Contrairement à d'autres mangas, les personnages féminins sont nombreux dans Naruto. Très souvent, ils occupent des fonctions de leaders ou ont de super pouvoirs. «Avec Naruto, on évite le syndrome de la Schtroumpfette, soit le fait de mettre en scène un ou deux personnages féminins à des fins décoratives. Cela ne veut pas dire que l'on est exempt de problèmes. La plupart des femmes puissantes dans Naruto sont célibataires. Soit elles souffrent parce qu'elles sont seules, soit elles sont amoureuses de quelqu'un qui ne les aime pas ou qui les aime mal. Pour fonder une famille, elles doivent mettre un terme à leur vie de guerrière. À l'inverse, les exemples d'hommes puissants qui ont une famille sont nombreux.»

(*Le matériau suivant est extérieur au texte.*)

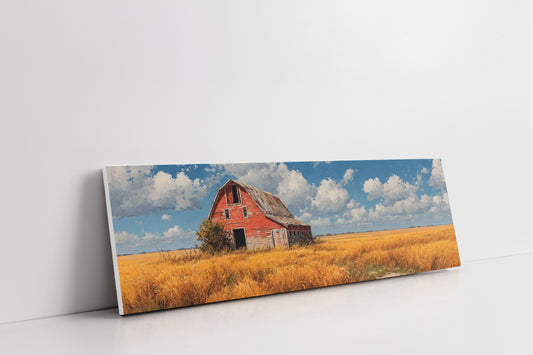 Golden Fields Red Barn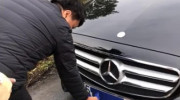 Dán băng dính che biển kiểm soát, tài xế xe Mercedes-Benz bị phạt 1 triệu VNĐ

Une fois de plus, ce choix narratif n'est pas anodin. Dans le cadre de sa maîtrise en sociologie, qui portait sur la maternité au Japon, Valérie Harvey a découvert que les femmes sont placées devant un choix déchirant: travailler ou avoir des enfants. Les rôles de genre et la pression sociale exigent des Japonaises qu'elles restent à la maison pour s'occuper de leur bébé. «Plusieurs femmes qui ont des emplois importants se retirent du marché du travail une fois qu'elles deviennent mères. Dans d'autres cas, elles font le choix de ne pas avoir d'enfant afin de poursuivre leur carrière. On se retrouve donc dans la même situation que celle des femmes fortes dans Naruto.»
Bien qu'il présente un univers on ne peut plus japonais, Naruto véhicule des messages qui font écho aux préoccupations des jeunes à travers le monde, selon la doctorante. Entre autres, une grande importance est accordée à l'alliance avec les plus petits et à la paix entre les peuples. «Le monde réel de ce début du 21e siècle peint un portrait tendu des relations entre les dirigeants des différents pays, entre les religions aussi. […] Les discours du manga Naruto qui portent l'espoir que la paix soit possible, par une plus grande harmonie entre les peuples, ont sans doute besoin d'être entendus dans le monde réel, bien au-delà des limites de la fiction d'où il émerge», conclut l'auteure dans son étude.